[Recorded data]
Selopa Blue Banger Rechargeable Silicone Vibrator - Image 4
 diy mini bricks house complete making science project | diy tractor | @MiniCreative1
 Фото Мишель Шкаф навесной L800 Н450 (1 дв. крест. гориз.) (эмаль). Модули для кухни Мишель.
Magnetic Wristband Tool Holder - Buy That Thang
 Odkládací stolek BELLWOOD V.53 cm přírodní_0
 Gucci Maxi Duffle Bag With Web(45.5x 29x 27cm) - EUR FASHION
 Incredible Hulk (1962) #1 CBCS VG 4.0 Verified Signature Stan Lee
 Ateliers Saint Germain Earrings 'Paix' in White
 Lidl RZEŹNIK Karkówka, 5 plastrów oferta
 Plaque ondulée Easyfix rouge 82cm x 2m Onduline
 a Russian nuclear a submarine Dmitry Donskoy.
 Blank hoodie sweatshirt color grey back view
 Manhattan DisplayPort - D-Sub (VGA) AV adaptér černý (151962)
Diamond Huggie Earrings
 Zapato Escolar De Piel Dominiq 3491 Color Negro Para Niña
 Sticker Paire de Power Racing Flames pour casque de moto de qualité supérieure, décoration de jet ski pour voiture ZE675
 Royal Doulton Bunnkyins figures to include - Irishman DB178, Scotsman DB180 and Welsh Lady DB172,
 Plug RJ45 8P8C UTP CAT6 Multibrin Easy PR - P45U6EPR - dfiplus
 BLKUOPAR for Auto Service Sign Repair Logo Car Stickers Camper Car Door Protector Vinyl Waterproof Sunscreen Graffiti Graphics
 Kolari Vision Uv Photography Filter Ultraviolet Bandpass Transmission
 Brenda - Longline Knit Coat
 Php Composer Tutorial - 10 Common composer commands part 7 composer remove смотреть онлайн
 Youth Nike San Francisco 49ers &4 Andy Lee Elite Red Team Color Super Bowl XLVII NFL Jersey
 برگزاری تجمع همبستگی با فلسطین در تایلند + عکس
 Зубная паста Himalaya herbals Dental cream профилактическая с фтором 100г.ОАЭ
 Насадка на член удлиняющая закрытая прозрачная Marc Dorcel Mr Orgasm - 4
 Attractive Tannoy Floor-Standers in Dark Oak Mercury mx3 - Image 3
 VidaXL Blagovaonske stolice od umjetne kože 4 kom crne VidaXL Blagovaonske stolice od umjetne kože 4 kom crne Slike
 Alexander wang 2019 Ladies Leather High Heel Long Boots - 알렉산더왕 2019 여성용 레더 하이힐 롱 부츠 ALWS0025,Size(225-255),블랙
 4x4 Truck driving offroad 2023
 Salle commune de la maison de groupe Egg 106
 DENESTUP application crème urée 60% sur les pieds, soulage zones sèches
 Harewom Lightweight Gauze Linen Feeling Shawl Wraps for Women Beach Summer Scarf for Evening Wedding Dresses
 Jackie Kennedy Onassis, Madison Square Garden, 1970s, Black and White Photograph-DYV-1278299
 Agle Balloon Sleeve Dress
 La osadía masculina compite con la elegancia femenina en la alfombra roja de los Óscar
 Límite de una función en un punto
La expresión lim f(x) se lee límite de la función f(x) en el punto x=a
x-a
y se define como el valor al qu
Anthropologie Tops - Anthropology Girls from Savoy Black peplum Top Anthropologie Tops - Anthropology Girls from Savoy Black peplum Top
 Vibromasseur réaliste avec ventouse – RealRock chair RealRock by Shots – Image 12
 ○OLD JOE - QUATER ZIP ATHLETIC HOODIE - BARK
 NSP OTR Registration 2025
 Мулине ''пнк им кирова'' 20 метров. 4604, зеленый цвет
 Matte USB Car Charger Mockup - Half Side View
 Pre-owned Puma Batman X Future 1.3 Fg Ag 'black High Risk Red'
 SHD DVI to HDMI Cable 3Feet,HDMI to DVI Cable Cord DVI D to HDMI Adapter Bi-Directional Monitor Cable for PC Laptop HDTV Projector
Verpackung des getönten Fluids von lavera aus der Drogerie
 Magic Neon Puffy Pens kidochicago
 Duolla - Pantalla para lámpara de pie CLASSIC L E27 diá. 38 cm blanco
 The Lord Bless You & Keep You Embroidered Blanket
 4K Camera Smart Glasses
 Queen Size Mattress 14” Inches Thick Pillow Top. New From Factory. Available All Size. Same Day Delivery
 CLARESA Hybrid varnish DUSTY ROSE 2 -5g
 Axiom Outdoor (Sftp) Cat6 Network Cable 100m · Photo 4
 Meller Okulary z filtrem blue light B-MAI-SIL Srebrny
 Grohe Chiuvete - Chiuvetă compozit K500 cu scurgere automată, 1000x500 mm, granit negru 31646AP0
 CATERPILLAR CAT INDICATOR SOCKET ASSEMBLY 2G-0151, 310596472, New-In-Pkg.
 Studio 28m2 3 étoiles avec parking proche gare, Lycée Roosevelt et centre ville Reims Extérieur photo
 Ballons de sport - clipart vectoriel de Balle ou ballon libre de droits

— EXERCISE DESCRIPTION —
Copy the lines above exactly, leaving every word as it is.

— WRITTEN RESPONSE —
Selopa Blue Banger Rechargeable Silicone Vibrator - Image 4
 diy mini bricks house complete making science project | diy tractor | @MiniCreative1
 Фото Мишель Шкаф навесной L800 Н450 (1 дв. крест. гориз.) (эмаль). Модули для кухни Мишель.
Magnetic Wristband Tool Holder - Buy That Thang
 Odkládací stolek BELLWOOD V.53 cm přírodní_0
 Gucci Maxi Duffle Bag With Web(45.5x 29x 27cm) - EUR FASHION
 Incredible Hulk (1962) #1 CBCS VG 4.0 Verified Signature Stan Lee
 Ateliers Saint Germain Earrings 'Paix' in White
 Lidl RZEŹNIK Karkówka, 5 plastrów oferta
 Plaque ondulée Easyfix rouge 82cm x 2m Onduline
 a Russian nuclear a submarine Dmitry Donskoy.
 Blank hoodie sweatshirt color grey back view
 Manhattan DisplayPort - D-Sub (VGA) AV adaptér černý (151962)
Diamond Huggie Earrings
 Zapato Escolar De Piel Dominiq 3491 Color Negro Para Niña
 Sticker Paire de Power Racing Flames pour casque de moto de qualité supérieure, décoration de jet ski pour voiture ZE675
 Royal Doulton Bunnkyins figures to include - Irishman DB178, Scotsman DB180 and Welsh Lady DB172,
 Plug RJ45 8P8C UTP CAT6 Multibrin Easy PR - P45U6EPR - dfiplus
 BLKUOPAR for Auto Service Sign Repair Logo Car Stickers Camper Car Door Protector Vinyl Waterproof Sunscreen Graffiti Graphics
 Kolari Vision Uv Photography Filter Ultraviolet Bandpass Transmission
 Brenda - Longline Knit Coat
 Php Composer Tutorial - 10 Common composer commands part 7 composer remove смотреть онлайн
 Youth Nike San Francisco 49ers &4 Andy Lee Elite Red Team Color Super Bowl XLVII NFL Jersey
 برگزاری تجمع همبستگی با فلسطین در تایلند + عکس
 Зубная паста Himalaya herbals Dental cream профилактическая с фтором 100г.ОАЭ
 Насадка на член удлиняющая закрытая прозрачная Marc Dorcel Mr Orgasm - 4
 Attractive Tannoy Floor-Standers in Dark Oak Mercury mx3 - Image 3
 VidaXL Blagovaonske stolice od umjetne kože 4 kom crne VidaXL Blagovaonske stolice od umjetne kože 4 kom crne Slike
 Alexander wang 2019 Ladies Leather High Heel Long Boots - 알렉산더왕 2019 여성용 레더 하이힐 롱 부츠 ALWS0025,Size(225-255),블랙
 4x4 Truck driving offroad 2023
 Salle commune de la maison de groupe Egg 106
 DENESTUP application crème urée 60% sur les pieds, soulage zones sèches
 Harewom Lightweight Gauze Linen Feeling Shawl Wraps for Women Beach Summer Scarf for Evening Wedding Dresses
 Jackie Kennedy Onassis, Madison Square Garden, 1970s, Black and White Photograph-DYV-1278299
 Agle Balloon Sleeve Dress
 La osadía masculina compite con la elegancia femenina en la alfombra roja de los Óscar
 Límite de una función en un punto
La expresión lim f(x) se lee límite de la función f(x) en el punto x=a
x-a
y se define como el valor al qu
Anthropologie Tops - Anthropology Girls from Savoy Black peplum Top Anthropologie Tops - Anthropology Girls from Savoy Black peplum Top
 Vibromasseur réaliste avec ventouse – RealRock chair RealRock by Shots – Image 12
 ○OLD JOE - QUATER ZIP ATHLETIC HOODIE - BARK
 NSP OTR Registration 2025
 Мулине ''пнк им кирова'' 20 метров. 4604, зеленый цвет
 Matte USB Car Charger Mockup - Half Side View
 Pre-owned Puma Batman X Future 1.3 Fg Ag 'black High Risk Red'
 SHD DVI to HDMI Cable 3Feet,HDMI to DVI Cable Cord DVI D to HDMI Adapter Bi-Directional Monitor Cable for PC Laptop HDTV Projector
Verpackung des getönten Fluids von lavera aus der Drogerie
 Magic Neon Puffy Pens kidochicago
 Duolla - Pantalla para lámpara de pie CLASSIC L E27 diá. 38 cm blanco
 The Lord Bless You & Keep You Embroidered Blanket
 4K Camera Smart Glasses
 Queen Size Mattress 14” Inches Thick Pillow Top. New From Factory. Available All Size. Same Day Delivery
 CLARESA Hybrid varnish DUSTY ROSE 2 -5g
 Axiom Outdoor (Sftp) Cat6 Network Cable 100m · Photo 4
 Meller Okulary z filtrem blue light B-MAI-SIL Srebrny
 Grohe Chiuvete - Chiuvetă compozit K500 cu scurgere automată, 1000x500 mm, granit negru 31646AP0
 CATERPILLAR CAT INDICATOR SOCKET ASSEMBLY 2G-0151, 310596472, New-In-Pkg.
 Studio 28m2 3 étoiles avec parking proche gare, Lycée Roosevelt et centre ville Reims Extérieur photo
 Ballons de sport - clipart vectoriel de Balle ou ballon libre de droits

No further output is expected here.